Но ведь были и есть, никуда они не делись, люди, которым не выгодно, чтоб цвели правда и культура наша. Замороченный народ куда более прост в обиходе. Люди эти умеют душить таланты в самом зародыше. Я — человек, и меня можно убить словом. И каждого живого человека можно. Я это знаю точно. Очень много сейчас разговоров в печати и о чисто физическом истреблении генетического фонда, цвета нации: это войны и сталинские репрессии. Но приняла Россия муки мученические, очевидно, недаром... Еще сильнее по закону развития должен быть бросок вперед. Хочется в это верить, без этой веры жить невозможно. Народ, «большинство», всегда в России было понятием неоднозначным. Большинство как таковое никогда не было правым, толпа и есть толпа. И куда более страшно, что плохие люди, уничтожив хороших, дали потомство. Ген хамства вездесущ.
Что можно противопоставить ему? Силу. Но силу со знаком плюс. Недавно один знакомый рабочий рассказывал. На заводе проходило тайное голосование за новую администрацию. Но победила старая, скомпрометировавшая себя. Оказывается, счетную комиссию, выбранную самими же рабочими, подкупили. До тех пор, пока можно будет подкупать совесть людей, перестройка не победит. Право «первой ночи» бюрократов так и останется их правом. Заговор «великого хама» покупает вся и всех, делая и нашу культуру посредственной, лишенной нормального человеческого качества.
Все на потребу, все к столу. Плебейская благодарность так называемых творческих людей, приглашенных к высоким столам, разве она неизвестна нам?

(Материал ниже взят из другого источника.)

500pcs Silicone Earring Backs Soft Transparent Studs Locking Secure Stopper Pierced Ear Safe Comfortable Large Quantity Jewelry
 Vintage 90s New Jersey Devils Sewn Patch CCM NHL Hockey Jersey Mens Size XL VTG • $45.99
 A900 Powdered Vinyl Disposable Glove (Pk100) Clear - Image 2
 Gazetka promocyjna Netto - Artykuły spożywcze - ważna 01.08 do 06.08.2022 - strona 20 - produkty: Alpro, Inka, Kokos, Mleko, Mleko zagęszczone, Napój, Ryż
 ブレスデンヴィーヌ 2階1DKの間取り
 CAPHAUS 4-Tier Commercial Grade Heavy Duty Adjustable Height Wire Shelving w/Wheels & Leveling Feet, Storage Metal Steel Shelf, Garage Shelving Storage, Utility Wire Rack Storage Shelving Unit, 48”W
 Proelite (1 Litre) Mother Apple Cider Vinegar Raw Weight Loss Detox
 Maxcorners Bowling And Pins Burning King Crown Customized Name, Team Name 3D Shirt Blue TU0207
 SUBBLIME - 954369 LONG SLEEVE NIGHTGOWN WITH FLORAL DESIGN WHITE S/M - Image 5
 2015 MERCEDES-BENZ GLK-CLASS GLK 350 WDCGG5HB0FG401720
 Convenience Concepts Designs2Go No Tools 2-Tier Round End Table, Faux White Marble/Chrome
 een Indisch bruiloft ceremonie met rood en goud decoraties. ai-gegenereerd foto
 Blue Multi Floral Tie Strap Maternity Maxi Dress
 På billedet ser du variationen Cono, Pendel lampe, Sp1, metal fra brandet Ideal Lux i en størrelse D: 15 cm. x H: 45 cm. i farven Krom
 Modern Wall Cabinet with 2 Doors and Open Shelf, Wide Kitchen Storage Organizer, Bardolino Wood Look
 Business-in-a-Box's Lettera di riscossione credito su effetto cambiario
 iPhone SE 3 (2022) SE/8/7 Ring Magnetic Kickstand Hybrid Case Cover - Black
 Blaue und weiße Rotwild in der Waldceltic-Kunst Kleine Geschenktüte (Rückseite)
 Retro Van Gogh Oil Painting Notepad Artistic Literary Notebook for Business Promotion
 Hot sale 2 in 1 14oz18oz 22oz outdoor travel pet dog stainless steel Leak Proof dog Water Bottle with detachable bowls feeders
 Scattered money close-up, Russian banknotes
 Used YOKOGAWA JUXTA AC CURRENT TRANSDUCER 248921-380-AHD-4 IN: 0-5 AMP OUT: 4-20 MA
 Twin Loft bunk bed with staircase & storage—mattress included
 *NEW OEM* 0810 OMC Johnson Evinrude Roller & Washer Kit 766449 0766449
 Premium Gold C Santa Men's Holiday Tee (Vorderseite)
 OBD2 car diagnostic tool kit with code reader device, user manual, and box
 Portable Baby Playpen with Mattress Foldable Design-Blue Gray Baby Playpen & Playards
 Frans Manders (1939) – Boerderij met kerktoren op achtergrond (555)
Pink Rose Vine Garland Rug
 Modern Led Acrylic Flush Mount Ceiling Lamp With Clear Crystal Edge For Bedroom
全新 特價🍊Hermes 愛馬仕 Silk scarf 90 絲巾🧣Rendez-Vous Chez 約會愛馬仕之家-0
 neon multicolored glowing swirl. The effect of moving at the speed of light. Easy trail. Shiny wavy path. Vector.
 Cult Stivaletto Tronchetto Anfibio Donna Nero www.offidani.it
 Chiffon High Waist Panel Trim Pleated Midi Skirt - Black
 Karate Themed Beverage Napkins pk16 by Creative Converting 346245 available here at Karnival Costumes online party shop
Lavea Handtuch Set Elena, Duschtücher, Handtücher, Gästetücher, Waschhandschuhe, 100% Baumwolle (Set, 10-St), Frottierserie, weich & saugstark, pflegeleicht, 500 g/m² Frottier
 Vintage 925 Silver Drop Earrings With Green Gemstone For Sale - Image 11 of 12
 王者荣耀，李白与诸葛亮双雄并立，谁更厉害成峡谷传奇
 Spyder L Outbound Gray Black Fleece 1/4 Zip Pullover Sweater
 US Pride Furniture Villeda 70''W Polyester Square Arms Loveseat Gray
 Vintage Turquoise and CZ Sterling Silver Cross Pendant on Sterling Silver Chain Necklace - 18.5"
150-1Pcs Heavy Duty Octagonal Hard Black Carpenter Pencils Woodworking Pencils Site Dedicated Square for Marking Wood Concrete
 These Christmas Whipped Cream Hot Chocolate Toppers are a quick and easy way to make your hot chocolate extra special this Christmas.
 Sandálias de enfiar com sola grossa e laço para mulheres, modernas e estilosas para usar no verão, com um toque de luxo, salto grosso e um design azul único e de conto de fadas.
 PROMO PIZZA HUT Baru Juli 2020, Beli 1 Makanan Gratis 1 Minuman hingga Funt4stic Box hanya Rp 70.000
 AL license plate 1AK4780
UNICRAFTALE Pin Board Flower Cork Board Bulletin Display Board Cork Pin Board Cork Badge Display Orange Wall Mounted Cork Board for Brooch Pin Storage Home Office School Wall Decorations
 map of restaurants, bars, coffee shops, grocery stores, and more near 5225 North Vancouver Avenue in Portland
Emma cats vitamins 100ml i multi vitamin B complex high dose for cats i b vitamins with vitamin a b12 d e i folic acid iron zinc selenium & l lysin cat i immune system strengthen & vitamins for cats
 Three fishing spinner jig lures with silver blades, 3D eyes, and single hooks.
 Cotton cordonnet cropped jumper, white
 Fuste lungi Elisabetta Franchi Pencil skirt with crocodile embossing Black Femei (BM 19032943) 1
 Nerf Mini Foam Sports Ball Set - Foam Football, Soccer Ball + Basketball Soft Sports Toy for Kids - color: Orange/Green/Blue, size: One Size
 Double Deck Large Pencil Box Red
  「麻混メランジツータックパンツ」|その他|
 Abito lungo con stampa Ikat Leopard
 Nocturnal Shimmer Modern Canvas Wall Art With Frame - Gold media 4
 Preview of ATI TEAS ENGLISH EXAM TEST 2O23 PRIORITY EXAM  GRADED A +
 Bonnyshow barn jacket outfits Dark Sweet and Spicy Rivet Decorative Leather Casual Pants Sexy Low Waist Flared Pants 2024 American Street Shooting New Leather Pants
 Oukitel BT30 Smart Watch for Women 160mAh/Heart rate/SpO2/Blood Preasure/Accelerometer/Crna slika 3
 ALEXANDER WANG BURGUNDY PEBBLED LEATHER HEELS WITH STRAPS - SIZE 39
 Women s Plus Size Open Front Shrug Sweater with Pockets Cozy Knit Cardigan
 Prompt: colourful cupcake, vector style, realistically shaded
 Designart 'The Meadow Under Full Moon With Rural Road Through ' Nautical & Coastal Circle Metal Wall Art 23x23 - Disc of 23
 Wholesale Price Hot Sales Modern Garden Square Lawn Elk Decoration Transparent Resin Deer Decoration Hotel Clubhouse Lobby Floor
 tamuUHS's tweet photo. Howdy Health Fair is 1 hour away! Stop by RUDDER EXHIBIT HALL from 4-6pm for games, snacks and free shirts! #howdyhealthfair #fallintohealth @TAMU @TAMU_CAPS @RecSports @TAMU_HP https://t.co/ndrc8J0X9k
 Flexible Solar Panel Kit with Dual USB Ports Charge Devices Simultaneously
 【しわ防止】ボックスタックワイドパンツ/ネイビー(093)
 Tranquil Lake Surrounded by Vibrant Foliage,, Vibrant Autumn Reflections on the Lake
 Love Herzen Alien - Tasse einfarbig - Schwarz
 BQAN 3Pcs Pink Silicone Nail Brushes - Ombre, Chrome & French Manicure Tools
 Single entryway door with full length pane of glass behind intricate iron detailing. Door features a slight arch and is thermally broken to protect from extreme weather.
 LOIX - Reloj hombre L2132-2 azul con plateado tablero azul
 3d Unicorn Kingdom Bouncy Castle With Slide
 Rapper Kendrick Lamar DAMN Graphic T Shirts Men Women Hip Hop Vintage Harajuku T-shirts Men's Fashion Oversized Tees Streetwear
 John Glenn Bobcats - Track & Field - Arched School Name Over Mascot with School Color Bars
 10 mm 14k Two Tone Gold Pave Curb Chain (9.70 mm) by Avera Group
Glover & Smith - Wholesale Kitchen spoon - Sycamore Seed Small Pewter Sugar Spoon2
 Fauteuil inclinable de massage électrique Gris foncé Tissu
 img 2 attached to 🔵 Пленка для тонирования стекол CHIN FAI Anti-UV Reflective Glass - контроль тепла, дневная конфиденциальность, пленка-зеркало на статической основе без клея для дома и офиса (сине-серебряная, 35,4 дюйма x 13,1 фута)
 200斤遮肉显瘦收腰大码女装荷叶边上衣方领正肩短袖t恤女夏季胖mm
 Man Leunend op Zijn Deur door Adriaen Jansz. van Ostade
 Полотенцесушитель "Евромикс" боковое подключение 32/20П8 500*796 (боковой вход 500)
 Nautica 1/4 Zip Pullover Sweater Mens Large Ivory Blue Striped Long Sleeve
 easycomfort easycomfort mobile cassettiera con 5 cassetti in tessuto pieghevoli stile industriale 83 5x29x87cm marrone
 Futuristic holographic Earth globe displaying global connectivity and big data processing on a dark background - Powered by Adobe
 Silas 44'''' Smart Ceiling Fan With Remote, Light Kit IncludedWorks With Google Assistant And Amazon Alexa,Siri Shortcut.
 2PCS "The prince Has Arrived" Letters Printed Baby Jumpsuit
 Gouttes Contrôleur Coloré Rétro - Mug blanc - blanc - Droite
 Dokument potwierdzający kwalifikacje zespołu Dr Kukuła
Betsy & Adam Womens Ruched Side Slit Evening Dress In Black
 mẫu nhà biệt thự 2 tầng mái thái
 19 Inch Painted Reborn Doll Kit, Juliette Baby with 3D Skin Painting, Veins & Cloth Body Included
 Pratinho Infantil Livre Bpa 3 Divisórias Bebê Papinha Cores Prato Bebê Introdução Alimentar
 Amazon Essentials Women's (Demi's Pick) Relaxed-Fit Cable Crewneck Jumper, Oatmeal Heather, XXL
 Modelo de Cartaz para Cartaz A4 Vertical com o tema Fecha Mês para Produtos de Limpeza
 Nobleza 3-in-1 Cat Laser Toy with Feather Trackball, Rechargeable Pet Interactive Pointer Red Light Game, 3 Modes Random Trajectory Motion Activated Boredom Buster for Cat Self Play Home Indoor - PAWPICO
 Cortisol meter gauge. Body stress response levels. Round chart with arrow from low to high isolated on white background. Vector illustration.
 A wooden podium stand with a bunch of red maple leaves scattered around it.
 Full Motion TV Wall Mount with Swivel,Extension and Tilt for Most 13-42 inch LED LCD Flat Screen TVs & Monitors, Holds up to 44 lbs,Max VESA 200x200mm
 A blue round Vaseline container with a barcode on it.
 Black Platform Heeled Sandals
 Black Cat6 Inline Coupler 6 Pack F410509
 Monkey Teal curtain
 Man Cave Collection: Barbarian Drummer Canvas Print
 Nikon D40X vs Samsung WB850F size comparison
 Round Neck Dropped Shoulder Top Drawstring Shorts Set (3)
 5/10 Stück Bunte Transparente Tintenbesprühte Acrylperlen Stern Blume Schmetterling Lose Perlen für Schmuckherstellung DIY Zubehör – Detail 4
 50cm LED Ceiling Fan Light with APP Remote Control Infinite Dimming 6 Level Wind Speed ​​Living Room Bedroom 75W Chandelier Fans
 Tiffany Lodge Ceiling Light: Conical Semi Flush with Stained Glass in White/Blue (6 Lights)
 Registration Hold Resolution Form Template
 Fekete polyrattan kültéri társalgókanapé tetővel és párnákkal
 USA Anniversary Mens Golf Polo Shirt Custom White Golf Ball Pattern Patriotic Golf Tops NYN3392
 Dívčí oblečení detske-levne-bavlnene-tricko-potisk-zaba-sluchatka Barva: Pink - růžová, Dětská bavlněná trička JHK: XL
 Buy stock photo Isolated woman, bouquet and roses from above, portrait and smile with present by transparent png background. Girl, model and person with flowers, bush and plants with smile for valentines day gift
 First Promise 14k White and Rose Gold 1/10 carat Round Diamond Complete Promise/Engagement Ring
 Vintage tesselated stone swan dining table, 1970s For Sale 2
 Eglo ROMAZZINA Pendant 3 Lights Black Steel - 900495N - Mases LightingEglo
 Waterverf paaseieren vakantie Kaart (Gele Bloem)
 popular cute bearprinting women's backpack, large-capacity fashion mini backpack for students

Прислуживать высоким чиновничьим рукам, раздающим блага земные, — вот истинное духовное рабство, развращающее умы интеллигенции. И это верный путь к атмосфере, рождающей культ. Рабство порождает тоталитарность. Тоталитарность порождает убийства и войны. Сейчас мы понимаем: Гитлер и Сталин сошлись в смертельной схватке не случайно. Но какова тому цена? Мы до сих пор не знаем ее подлинных величин для обоих народов... Какая кровь течет в генах наших детей? Что они могут? На что способны и, увы, неспособны после столь тяжких зарубок, оставленных в памяти отцов и дедов. Мы часто не понимаем молодежь, отстраняемся от нее. Но все они духовные и бездуховные, рокеры, наркоманы, проститутки, спекулянты — это наши дети! Вспоминаю байку про цыгана. Сидит старый цыган, смотрит на цыганят и думает: «Какие же они чумазые». Сидит и гадает: «То ли этих помыть, то ли новых сделать?» Так что же, мы будем уподобляться цыгану? Волевым решением человеческий материал не истребишь и новых не наделаешь. Надо чумазых отмыть. Открещиваясь от детей, мы отказываемся от себя. И в этом наша немощь.
Мне кажется, там, где есть монополия на истину, гибнет нравственность. Там, где царит дух казармы, гибнет любовь к себе подобным. Люди начинают унижать друг друга и неспособны создать уже ничего хорошего. Дух казармы укоренился во многих сферах нашей жизни. В том числе жив он и на театре. Пока театр не станет союзом людей свободных, не зависящих от чьего-либо культа, рутине на театре жить и жить.
И спрашивают, что же делать, какую программу предложить? Я думаю, в области наших с вами идеалов никакая программа не нужна. В противном случае возникает тот же диктат, та же монополия на истину и круг замкнется. Надо просто жить и работать, помогая естественному току жизни, а не мешать друг другу установками, запретами, ложью, насилием. Тогда, возможно, и народятся новые Сыны Отечества. Новые Ломоносовы, Вавиловы, которые умом своим, плодами рук своих спасут и нас, и нашу землю от духовного и экологического вырождения.
В Библии, в главе «Апокалипсис», сказано примерно следующее: иди и смотри, и ты увидишь и белое и черное. Что же в конце концов, от каждого из нас с вами зависит, чего будет больше...
Путем осуждения всяческого насилия (невежества) вести к любви. Только один путь к победе в любви: докажи высотой помыслов.
Из книги: Георгий Бурков: «Хроника сердца». Москва. Вагриус. 1998.